Thursday 20 October 2011

Contoh Book Review


BOOK REVIEW
TINJAUAN TENTANG SOSIOLOGI PEDESAAN[1]
Studi Perubahan Sosial
Prof. Dr. H. Mudjia Rahardjo, M.Si, Sosiologi Pedesaan, UIN Malang Press Januari 2007, Malang. ISBN: 979-24-2930-1.
Oleh: Arina Hidayati[2]
Kehidupan social bukan merupakan barang cetakan, melainkan suatu proses berkesinambungan yang selalu membaharu, berubah, dan bertumbuh kembang. Sedangkan perubahan social merupakan dinamika social yang mengakibatkan perbedaan-perbedaan dalam system kepercayaan dan sikap-sikap, pranata ekonomi dan social, serta pola pelapisan social suatu masyarakat dari satu waktu ke waktu lain. Penanda kritis dari perubahan social adalah adanya perbedaan pola budaya, struktur, dan perilaku social
antara satu waktu dengan waktu lain. Oleh karena itu, perubahan social hanya dapat kita kenali setelah membandingkan antara pola budaya, struktur, dan perilaku social yang ada pada waktu sebelumnya dengan waktu sekarang. Semakin besar perbedaan akan mencerminkan semakin luas dan mendalamnya suatu perubahan social.
Beberapa factor luar yang merupakan sumber perubahan social adalah factor alam, factor peperangan, dan faktor kebudayaan masyarakat lain. Bencana alam yang menimpa suatu masyarakat misalnya, akan memaksa masyarakat tersebut untuk pindah ke tempat lain. Di tempat tinggal yang baru, mereka harus menyesuaikan diri dengan keadaan lingkungan alam yang baru pula. Salah satu bentuk penyesuaian yang harus dilakukan adalah berkenaan dengan mata pencaharian masyarakat. Dan perubahan mata pencaharian masyarakat akan mempengaruhi pranata ekonomi dan social mereka. Beberapa kebiasaan dan adat istiadat mungkin saja hilang dan digantikan dengan yang baru. Hal tersebut juga merupakan salah satu dari perubahan social.

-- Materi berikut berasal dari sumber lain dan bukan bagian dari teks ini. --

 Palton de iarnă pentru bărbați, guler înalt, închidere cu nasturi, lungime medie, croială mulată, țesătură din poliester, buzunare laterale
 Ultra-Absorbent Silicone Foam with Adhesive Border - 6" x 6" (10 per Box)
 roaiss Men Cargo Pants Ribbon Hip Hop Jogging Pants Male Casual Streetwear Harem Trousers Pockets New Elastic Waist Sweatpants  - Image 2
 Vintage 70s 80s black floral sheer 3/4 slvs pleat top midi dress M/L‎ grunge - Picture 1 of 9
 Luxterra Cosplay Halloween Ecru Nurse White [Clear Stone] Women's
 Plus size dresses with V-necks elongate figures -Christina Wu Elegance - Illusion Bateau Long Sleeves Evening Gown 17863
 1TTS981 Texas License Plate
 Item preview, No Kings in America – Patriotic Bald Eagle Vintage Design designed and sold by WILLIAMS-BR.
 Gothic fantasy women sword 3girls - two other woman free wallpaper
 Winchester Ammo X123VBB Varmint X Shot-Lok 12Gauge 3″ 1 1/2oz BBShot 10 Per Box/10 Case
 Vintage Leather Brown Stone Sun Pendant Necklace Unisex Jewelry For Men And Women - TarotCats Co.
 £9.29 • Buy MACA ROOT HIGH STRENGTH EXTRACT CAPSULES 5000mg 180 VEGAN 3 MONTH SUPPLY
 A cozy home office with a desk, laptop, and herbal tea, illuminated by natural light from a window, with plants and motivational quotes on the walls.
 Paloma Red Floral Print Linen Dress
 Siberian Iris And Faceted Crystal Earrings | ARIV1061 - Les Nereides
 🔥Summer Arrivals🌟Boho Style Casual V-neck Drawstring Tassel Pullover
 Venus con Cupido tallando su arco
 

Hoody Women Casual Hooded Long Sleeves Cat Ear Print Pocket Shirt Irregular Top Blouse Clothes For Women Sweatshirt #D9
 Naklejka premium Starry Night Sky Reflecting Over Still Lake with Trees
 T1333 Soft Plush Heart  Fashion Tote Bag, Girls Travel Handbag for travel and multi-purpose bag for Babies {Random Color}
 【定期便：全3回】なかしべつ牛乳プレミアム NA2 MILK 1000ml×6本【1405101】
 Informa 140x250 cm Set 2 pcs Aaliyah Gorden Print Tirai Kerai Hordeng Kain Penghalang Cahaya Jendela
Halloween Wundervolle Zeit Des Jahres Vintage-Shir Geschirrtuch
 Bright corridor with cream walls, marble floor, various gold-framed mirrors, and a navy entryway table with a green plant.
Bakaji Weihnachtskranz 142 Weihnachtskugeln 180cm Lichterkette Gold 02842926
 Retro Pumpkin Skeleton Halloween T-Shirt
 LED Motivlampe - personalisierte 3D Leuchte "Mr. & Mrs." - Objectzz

Buku yang ditulis Prof. Dr. H. Mudjia Rahardjo, M.Si menuangkan sebuah studi perubahan social suatu masyarakat berkenaan dengan perubahan pranata ekonomi yang disebabkan oleh mata pencaharian, melalui penelitiannya di Bandulan Kecamatan Sukun Kotamadya Dati II Malang. Penulis memiliki beberapa pertimbangan memilih lokasi tersebut sebagai situs penelitiannya. Pertama, karena secara longgar ada tiga kategori penduduk di Bandulan (penduduk asli tak menglaju[3], penduduk asli menglaju, dan penduduk pendatang menglaju). Kedua, karena tidak kurang dari 48 perusahaan beroperasi di Bandulan yang secara logis membutuhkan banyak tenaga kerja (hal 5).
Dari lokasi penelitian tersebut salah satunya terdapat sebuah hunian yang khusus ditempati oleh para pendatang yang berprofesi sebagai pegawai negeri sipil. Dari pengamatan penulis, terlihat ada jarak social yang cukup besar antara warga asli dengan warga pendatang tersebut. Sehingga tidak mengejutkan jika beberapa warga asli menilai para pendatang itu sebagai sekelompok orang yang tidak mau bermasyarakat. Penulis berpendapat bahwa jarak social ini sebagiannya disebabkan oleh aspek keruangan (spasial) yang memang terpisah antara warga asli dengan warga pendatang serta karena aspek social berupa perbedaan status social ekonomi mereka. Selain itu, dalam keseharian, para pendatang memang tempak lebih berafiliasi pada sesama pendatang dan warga asli setempat lebih berafiliasi pada sesama warga asli. Begitu juga di perumahan militer atau ABRI (hal 76).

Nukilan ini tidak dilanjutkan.